Isabel Toledo, designer of Michelle Obama's inauguration look, dies at 59
Isabel Toledo, the Cuban-born independent designer who grew to be one of First Lady Michelle Obama’s favorites, has died at the age of 59. Toledo died of breast cancer on Sunday in a New York hospital, according to her husband Ruben Toledo.
The couple formed a much-admired design duo in a career of over three decades. Isabel was noted for her astute choice of fabrics; impeccable craftsmanship; and understated sophistication; while Ruben was a talented fashion illustrator whose drawings appeared in numerous magazine, supplements and even murals.
Born in Cuba in 1961, Toledo moved to West New York, New Jersey as a teenager. She met Ruben at high school there and they married in 1984. She was originally a seamstress, a craft she imbibed underneath her grandmother’s sewing machine as a child in Cuba, before going on to the study at both the Fashion Institute of Technology and Parsons School of Design. Though she never graduated, her first collection in 1985 was snapped up by retailers, winning early orders from Bergdorf Goodman and Fiorucci. She draped, graded, sewed and created the patterns for her earliest collections, using cans of condensed milk to hold down the fabrics, rather than professional weights.

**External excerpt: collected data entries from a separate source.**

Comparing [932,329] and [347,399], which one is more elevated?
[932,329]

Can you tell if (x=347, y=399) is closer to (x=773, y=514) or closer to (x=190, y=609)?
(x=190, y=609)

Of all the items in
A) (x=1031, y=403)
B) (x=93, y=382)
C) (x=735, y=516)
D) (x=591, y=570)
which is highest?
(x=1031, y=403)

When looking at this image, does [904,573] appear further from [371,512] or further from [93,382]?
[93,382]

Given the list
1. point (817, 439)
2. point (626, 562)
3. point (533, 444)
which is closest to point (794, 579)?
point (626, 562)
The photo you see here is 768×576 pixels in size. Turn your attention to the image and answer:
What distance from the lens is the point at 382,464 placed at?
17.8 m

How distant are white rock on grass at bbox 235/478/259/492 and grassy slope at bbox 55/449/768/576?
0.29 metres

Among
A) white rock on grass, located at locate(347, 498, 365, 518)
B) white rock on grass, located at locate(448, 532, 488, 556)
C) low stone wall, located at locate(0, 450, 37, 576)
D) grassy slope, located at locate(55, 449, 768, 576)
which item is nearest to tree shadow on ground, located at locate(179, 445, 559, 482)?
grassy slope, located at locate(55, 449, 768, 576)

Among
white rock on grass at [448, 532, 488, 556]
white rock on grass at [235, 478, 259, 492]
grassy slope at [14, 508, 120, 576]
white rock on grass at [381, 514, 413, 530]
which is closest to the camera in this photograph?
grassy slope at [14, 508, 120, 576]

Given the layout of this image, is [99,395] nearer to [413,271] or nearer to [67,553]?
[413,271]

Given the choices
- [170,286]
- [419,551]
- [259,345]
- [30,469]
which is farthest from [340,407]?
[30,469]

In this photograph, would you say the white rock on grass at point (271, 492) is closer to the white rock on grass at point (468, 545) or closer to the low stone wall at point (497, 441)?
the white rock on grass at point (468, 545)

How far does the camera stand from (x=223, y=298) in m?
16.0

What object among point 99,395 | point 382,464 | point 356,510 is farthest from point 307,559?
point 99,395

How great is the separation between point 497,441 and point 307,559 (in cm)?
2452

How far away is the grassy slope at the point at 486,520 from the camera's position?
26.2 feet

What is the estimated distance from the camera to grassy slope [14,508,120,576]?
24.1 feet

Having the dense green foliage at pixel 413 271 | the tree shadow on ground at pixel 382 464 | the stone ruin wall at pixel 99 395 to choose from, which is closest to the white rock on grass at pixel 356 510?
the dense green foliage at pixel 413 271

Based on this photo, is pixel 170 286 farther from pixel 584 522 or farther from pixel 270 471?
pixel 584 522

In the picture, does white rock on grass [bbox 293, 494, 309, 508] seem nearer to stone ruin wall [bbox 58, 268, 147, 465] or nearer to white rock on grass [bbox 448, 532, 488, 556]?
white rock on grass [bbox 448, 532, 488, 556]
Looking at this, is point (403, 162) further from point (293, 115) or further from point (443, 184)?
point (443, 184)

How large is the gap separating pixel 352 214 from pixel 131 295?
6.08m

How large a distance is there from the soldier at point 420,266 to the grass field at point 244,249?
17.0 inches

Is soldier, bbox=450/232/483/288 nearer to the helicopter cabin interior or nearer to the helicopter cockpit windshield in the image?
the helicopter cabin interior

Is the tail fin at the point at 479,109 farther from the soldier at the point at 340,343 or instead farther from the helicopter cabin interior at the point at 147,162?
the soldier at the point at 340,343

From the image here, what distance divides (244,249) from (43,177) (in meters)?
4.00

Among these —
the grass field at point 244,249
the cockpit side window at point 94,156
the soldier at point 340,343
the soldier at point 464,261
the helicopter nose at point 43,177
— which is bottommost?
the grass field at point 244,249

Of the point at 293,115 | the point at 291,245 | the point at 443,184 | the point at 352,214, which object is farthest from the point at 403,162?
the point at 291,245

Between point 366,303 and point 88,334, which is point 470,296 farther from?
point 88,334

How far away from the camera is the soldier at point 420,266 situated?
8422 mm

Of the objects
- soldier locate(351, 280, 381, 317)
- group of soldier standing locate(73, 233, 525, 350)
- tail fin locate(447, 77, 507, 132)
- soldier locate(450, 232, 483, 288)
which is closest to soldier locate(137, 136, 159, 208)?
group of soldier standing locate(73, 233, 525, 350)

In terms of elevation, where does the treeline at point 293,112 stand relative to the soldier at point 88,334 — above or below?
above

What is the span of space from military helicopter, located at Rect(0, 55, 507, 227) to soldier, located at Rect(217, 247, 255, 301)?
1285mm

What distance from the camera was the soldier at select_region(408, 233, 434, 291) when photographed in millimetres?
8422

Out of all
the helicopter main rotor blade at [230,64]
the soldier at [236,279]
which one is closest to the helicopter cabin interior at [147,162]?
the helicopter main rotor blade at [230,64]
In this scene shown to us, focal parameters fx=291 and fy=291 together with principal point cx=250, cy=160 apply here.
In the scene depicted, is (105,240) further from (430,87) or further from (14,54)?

Toledo rapidly gained a reputation for her unique finish, eschewing avant-garde inspirations and themes. She was oft referred to as a “designer’s designer,” recognized for her refined draping and devotion to her métier. Her fashion was also deeply imbued with an understanding of fashion history and technique, first developed when she interned with Diana Vreeland at the Metropolitan Museum of Art’s Costume Institute.
“I really love the technique of sewing more than anything else…the seamstress is the one who knows fashion from the inside,” she said in a 1989 interview. “That’s the art form really, not fashion design, but the technique of how it’s done.”
In the late 1990s she largely stopped showing on catwalks and even presented some collections inside museums. Her radical ideas about how to present her fashion; allied to her unique talent and determination to actually sew some of her clothes herself led her to be nicknamed "The American Alaia." She was also creative director of Anne Klein in for several years; created accessories for Payless ShoeSource; and collaborated with MAC Cosmetics, the latter project launched in 2005.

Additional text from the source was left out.